Чистый язык призван выражать как раз это глубинное, внутреннее содержание, которое отлично от предметного, — и выражать его в самом себе, а не через свое посредство: он не имеет внешнего наполнения или внешнего субъекта, а если что-то и передает (выполняя коммуникативную функцию), то только свою собственную передаваемость. «Язык сообщает языковую сущность вещей. Но самое отчетливое явление этой сущности — сам язык. Поэтому ответ на вопрос: что сообщает язык? — гласит: всякий язык сообщает сам себя» [5, с. 9]. Называя вещи, человек совершает не механическое действие соотнесения предмета с означающим, но познает их сущность и одновременно выражает свою. По этой причине он и объявляется «глашатаем языка» (Sprecher der Sprache). Беньямин отрицает отстаиваемые структурной лингвистикой произвольность и конвенциональность знака: в чистом языке нет ничего случайного и ничего искусственного. Перевод возможен только в силу изначальной переводимости языка вещей на язык людей. Однако сами вещи безмолвны, они без слов доносят человеку свое духовное содержание. По мысли
немецкого философа, это случается благодаря высшему, трансцендентальному вмешательству: что бы ни создавал Бог, Он вкладывает в него зачатки истинного имени, из которого впоследствии возникает имя человеческое. Таким образом, посредником оказывается сама вещь, причем посредником между двумя языками — божественным и человеческим. Неудивительно, что Бенья-мин определяет язык не как способ выражения мыслей, а как поле, в котором мысль только и может зародиться. Мир, в котором мы существуем, создается в языке, однако не мы его создаем: называя предмет (подобно тому, как Адам давал имена всему сущему), мы лишь соучаствуем в его судьбе, завершая божественный акт творения. А поскольку язык человеческий видится Беньямину не автономным образованием, а подобием первоначального языка, то задачей философа и критика, писателя и читателя становится у него обращение непосредственно к самим вещам, с тем чтобы приблизиться к божественному праязыку. Как только нечто профанное, эмпирическое попадает в поле зрения мыслителя, оно должно стать для него сакральным, ибо только так — с позиции философско-теологической ориентации мышления — можно увидеть и передать истину вещей.
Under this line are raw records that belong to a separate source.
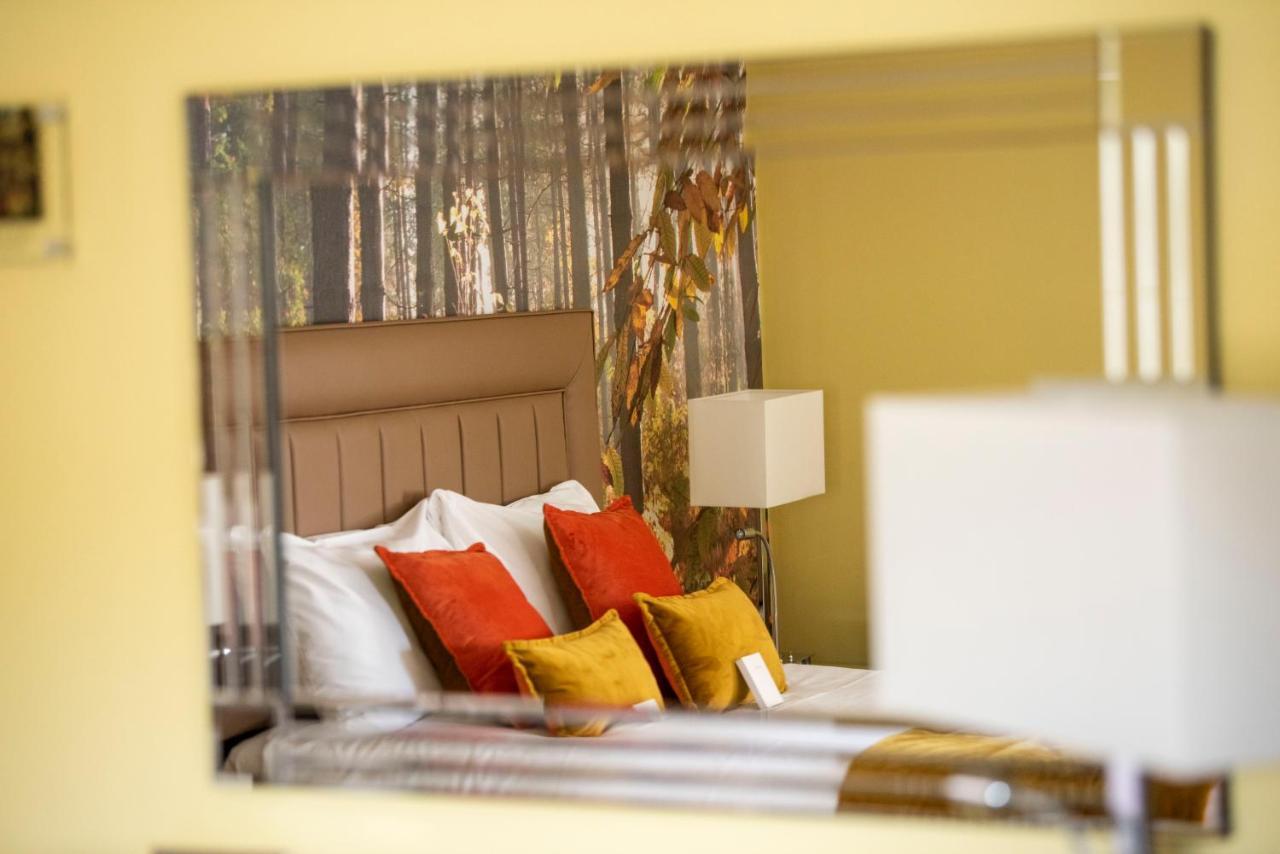 Bridleways Guesthouse & Holiday Homes マンスフィールド エクステリア 写真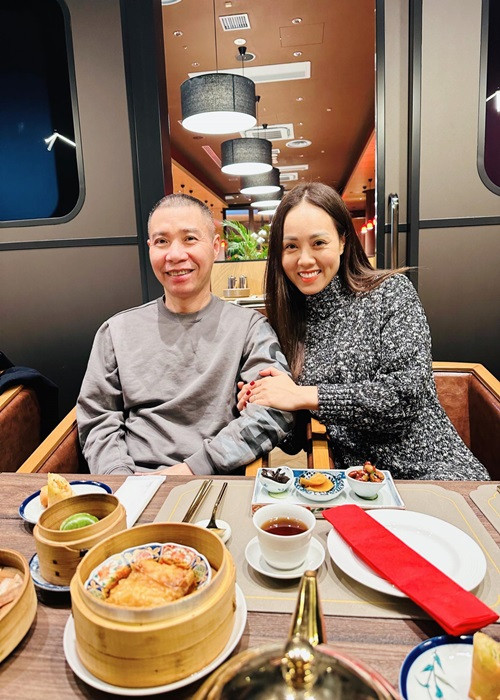 Hạnh phúc của Công Lý dường như cũng chính là của Ngọc Hà. Cô vui lây khi chồng hạnh phúc vì trở lại phim trường.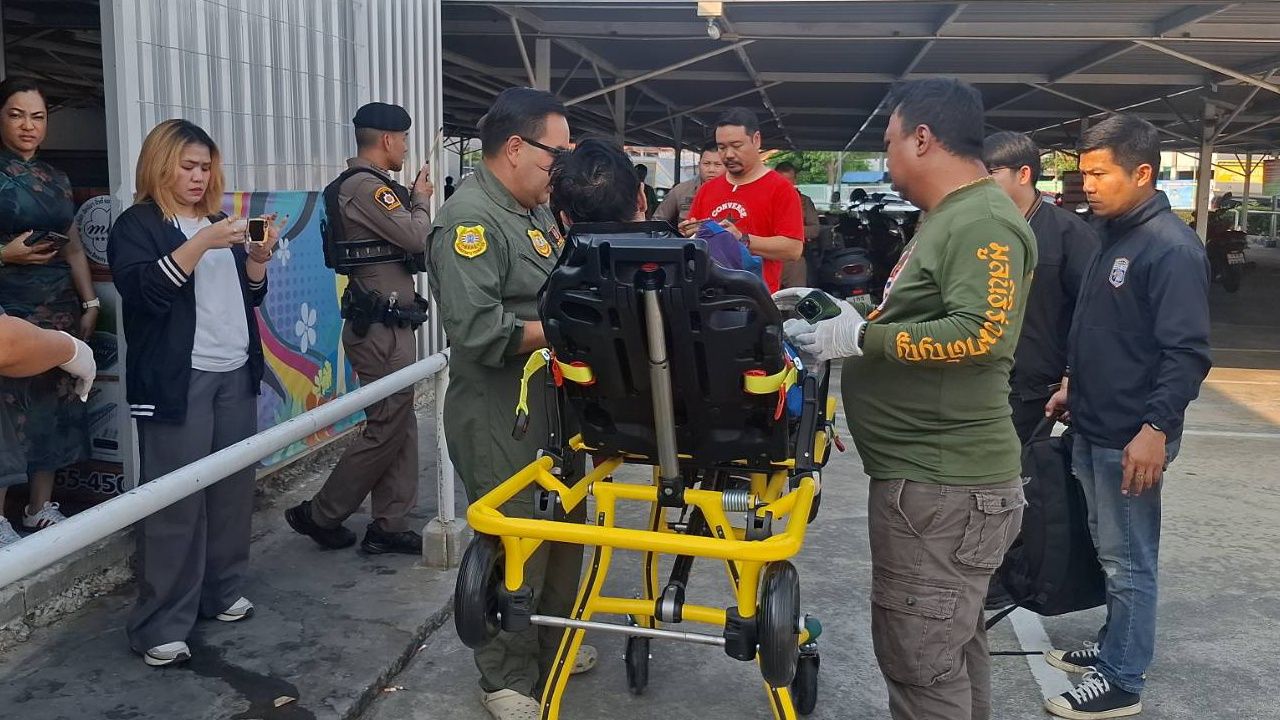 ชายบุกเดี่ยวขู่ผู้จัดการธนาคารด้วยน้ำมันเพื่อเรียกเงิน 5 ล้าน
Теодор Адорно, близкий друг Беньямина, подхватывает его идею о перво-языке, однако развивает ее в собственном, весьма оригинальном ключе. В отличие от Беньямина, он не стремится обнаружить адамическое состояние языка, незримо присутствующее в каком бы то ни было из национальных языков в виде загадочного «непередаваемого». Для Адорно истинный праязык имеет не сигнификативную природу, а миметическую, т. е. это язык, на котором испокон веку говорит искусство. Ведь подлинный мимесис не есть простое копирование: художник воспроизводит не столько видимую природу, сколько то в природе, что очаровывает при ее созерцании и что не поддается никакому выражению.
Красота природы в том, что кажется, будто она способна сказать больше того, что знает, дать больше того, что имеет. Вырвать это «больше» из сферы случайности, овладеть его иллюзорной видимостью, определить его самого как видимость и отвергнуть как нереальное и составляет идею искусства [1, с. 116].
Миметический язык — в определенном смысле противоположность языка дискурсивного. Последний, будучи основанием говорения, письма, рассуждения, подчинен строгой логике, нарушение которой чревато провалом акта коммуникации. Но включенный в процесс технической рациональности, коммуникативный язык превращается в инструмент, лишаясь экспрессивности и изначально присущей ему музыкальности. Желание спасти чистый, миметический язык роднит Адорно с Беньямином. Однако если Беньямин надеялся приобщиться к нему через акт божественного сотворчества, то Адорно полагался исключительно на искусство.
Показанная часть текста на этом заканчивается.